Data provided:
● ● ● ● ●
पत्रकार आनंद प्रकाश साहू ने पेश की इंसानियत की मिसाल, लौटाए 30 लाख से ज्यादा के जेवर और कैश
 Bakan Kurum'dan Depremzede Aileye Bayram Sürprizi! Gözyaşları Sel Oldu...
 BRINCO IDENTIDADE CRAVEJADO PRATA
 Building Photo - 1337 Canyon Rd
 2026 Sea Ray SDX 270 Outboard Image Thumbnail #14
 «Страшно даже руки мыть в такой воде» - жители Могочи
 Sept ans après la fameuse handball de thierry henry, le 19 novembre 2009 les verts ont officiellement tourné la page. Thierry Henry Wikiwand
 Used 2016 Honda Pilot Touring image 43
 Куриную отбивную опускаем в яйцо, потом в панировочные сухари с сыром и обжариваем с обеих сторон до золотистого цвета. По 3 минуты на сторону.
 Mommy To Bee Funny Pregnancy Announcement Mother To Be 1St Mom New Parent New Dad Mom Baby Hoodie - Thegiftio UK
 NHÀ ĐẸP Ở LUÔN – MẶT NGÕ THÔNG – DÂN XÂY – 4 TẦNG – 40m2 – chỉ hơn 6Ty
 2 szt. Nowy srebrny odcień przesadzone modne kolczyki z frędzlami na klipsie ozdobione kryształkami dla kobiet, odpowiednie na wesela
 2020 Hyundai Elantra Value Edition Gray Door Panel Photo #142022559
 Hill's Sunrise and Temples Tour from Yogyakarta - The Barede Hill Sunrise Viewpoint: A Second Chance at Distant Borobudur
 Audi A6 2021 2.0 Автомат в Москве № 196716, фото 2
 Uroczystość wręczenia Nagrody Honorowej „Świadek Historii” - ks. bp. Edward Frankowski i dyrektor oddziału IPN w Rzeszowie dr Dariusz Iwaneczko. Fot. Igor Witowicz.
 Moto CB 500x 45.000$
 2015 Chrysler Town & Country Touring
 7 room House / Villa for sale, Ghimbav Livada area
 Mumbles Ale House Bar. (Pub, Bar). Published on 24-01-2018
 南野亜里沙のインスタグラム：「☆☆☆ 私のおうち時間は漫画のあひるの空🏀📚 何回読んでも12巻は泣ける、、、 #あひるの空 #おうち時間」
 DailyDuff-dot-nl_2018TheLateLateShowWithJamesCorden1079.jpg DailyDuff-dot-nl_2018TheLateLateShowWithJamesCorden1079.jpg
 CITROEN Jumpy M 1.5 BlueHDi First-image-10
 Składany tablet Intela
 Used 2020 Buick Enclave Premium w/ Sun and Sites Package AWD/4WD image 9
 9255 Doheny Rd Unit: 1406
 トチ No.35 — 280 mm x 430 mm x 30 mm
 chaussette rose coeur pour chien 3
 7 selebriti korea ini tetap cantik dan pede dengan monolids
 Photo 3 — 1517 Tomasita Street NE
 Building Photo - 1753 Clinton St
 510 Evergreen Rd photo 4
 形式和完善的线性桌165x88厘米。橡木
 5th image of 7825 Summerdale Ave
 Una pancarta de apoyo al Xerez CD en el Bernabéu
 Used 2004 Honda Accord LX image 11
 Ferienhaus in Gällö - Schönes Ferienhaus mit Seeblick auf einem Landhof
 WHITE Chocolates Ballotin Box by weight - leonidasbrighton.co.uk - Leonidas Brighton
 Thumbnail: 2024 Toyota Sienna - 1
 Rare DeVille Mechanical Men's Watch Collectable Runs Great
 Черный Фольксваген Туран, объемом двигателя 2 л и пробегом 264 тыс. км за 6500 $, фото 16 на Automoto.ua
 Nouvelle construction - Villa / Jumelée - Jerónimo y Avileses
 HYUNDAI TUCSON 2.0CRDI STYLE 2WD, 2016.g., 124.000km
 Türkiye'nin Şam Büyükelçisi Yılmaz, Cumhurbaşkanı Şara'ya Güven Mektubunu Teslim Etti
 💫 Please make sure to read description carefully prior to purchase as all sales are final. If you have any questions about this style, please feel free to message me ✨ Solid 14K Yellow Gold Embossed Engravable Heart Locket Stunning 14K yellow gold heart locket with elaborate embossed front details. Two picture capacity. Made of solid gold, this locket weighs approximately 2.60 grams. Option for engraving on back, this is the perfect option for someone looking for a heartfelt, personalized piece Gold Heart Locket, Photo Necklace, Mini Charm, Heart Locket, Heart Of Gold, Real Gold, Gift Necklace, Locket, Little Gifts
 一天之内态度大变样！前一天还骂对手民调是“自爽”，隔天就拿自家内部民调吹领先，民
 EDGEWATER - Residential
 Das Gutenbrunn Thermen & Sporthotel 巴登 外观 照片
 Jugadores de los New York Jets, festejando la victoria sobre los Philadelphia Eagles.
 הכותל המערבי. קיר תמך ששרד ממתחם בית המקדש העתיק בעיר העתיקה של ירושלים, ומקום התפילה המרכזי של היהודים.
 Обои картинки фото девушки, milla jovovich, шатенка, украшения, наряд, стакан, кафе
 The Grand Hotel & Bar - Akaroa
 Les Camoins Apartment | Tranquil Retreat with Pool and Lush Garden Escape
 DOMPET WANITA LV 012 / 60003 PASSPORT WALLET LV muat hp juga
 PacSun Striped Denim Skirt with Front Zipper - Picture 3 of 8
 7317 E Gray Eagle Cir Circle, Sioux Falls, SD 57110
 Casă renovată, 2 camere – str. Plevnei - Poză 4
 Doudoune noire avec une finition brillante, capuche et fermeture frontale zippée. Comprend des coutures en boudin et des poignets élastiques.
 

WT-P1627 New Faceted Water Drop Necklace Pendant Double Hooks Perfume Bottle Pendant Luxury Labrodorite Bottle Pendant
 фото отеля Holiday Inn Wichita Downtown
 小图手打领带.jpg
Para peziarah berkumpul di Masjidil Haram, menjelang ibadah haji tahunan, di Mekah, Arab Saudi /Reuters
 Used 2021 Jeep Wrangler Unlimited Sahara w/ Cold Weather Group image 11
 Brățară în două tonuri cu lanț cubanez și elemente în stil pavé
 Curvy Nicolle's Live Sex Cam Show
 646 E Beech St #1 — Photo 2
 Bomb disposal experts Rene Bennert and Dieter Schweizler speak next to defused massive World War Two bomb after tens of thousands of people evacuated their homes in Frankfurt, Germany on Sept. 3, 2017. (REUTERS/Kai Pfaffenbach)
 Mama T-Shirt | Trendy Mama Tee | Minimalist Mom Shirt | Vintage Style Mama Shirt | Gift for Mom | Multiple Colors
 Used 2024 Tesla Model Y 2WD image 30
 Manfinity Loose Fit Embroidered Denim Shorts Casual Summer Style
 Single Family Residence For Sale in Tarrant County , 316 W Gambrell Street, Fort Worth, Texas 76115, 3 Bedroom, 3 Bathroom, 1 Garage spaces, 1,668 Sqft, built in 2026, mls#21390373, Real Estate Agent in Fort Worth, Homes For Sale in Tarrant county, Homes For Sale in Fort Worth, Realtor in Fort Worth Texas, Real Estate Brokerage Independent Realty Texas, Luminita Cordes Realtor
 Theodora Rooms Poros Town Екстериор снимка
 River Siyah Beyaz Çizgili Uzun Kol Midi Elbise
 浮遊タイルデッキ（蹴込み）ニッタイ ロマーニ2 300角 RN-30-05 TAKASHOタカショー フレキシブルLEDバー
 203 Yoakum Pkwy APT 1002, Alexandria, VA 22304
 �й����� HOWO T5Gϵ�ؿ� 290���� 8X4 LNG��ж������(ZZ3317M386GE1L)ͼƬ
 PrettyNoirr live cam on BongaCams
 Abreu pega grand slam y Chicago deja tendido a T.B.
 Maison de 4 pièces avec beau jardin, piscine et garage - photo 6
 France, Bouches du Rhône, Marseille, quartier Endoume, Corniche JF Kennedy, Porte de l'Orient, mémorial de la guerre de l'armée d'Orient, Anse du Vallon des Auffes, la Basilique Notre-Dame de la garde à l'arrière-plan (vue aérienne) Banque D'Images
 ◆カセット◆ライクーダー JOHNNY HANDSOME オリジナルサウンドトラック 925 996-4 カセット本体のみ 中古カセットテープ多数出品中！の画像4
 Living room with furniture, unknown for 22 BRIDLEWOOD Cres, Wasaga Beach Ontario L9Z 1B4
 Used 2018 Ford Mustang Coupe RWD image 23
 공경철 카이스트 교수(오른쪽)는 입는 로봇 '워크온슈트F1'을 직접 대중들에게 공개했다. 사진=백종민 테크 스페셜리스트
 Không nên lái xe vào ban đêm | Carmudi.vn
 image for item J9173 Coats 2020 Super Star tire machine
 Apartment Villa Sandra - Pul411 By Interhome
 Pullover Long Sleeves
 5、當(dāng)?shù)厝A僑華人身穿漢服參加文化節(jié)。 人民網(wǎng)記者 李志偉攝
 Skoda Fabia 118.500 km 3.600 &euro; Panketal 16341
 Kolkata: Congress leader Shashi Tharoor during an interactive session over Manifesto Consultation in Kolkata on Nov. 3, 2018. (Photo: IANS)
● ● ● ● ●
Task description: Filter the listing for the word "Gray" and copy each line that has it.

Response to this exercise:
 2020 Hyundai Elantra Value Edition Gray Door Panel Photo #142022559
 7317 E Gray Eagle Cir Circle, Sioux Falls, SD 57110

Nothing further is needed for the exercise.